金銭感覚が夫婦で異なり、なにかと喧嘩に

「夫から生活費がもらえなくなります。これから暮らしていけるのか、老後資金は作れるのかが不安で……」。そう相談に訪れたのは、自治体関連の施設でパート勤務をしているTさん(58歳)。3カ月ほど前、夫から突然離婚を言い渡され、今は家庭内別居状態。離婚後は自分一人で暮らすことになるため、将来への不安が大きいといいます。

 夫(61歳)は大手メーカー勤務で、現在は再雇用制度を利用して働いています。4人の子どものうち、3人はすでに成人して独立し、大学生の次女(20歳)だけがまだ同居中です。

 夫婦の離婚話の発端は、Tさんのお金の使い方に対する夫の不満でした。ただ、実際にはその背景に、長年にわたるお金の感覚の違いが不満となり、それが積もりに積もっていたことが大きかったようです。

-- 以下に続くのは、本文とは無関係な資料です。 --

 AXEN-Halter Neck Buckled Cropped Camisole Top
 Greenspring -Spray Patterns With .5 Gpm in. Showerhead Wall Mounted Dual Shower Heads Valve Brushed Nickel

 Tさんご夫婦は、夫が15年ほど単身赴任をしており、再び同居を始めたのはここ3年ほど。単身赴任が決まった当初、家族全員で転居するかどうかを話し合ったものの、夫は昇進のため、Tさんは子どもたちの教育環境を優先するため、別々に暮らすことを選びました。

 生活の拠点が2カ所になることで家計の負担は増えましたが、Tさんは子育ての合間にパートに出て、なんとかやりくりを続けてきました。とはいえ、生活の柱は夫の収入です。夫婦はそれぞれの場所で責任を果たしていたつもりですが、「見えない家計」のやりくりが続く中で、少しずつ不満が募っていったようです。

 実際、夫婦喧嘩の原因はいつもお金のことでした。夫は赴任先での人付き合いや交際費にお金を使いたいと考えていましたが、Tさんは「子どもの生活費を削られては困る」と反発。生活費の配分を巡って、何度も言い争いになったといいます。

「なんで俺だけが稼いで金を送らなきゃいけないんだ」「子どもにお金が回らないと暮らせない」と、夫婦は互いに譲らず、関係は徐々にギクシャクしていきました。それでも子どものため、という一点で折り合いをつけてきたそうです。

夫が役職定年で収入減少後、妻に新しい趣味ができた

 やがて、夫が役職定年を迎えて収入が減少。それに伴い、Tさんへの仕送りも減額されました。しかし、子育てが一段落して自分の時間ができたTさんは、偶然にも次女の影響でプロレスに興味を持ち始めます。

 最初はテレビ観戦でしたが、徐々に試合を生で観たいと思うようになり、次女と一緒に観戦に出かけるようになりました。チケット代は1回で2人分、約2万円。ひんぱんに通うとなれば、家計への影響は少なくありません。

 パートの勤務時間を増やして収入を補う努力もしたそうですが、それでも足りず、夫に「ちょっと足りないの」「今月は特別な支出があって」と頼って、臨時でお金を送ってもらうこともあったようです。

 夫が単身赴任から戻った後、その支出が明るみに出て大喧嘩に発展。夫は「我慢して働いているのに、なぜ自分のお金が娯楽に使われるのか」と不満を爆発させました。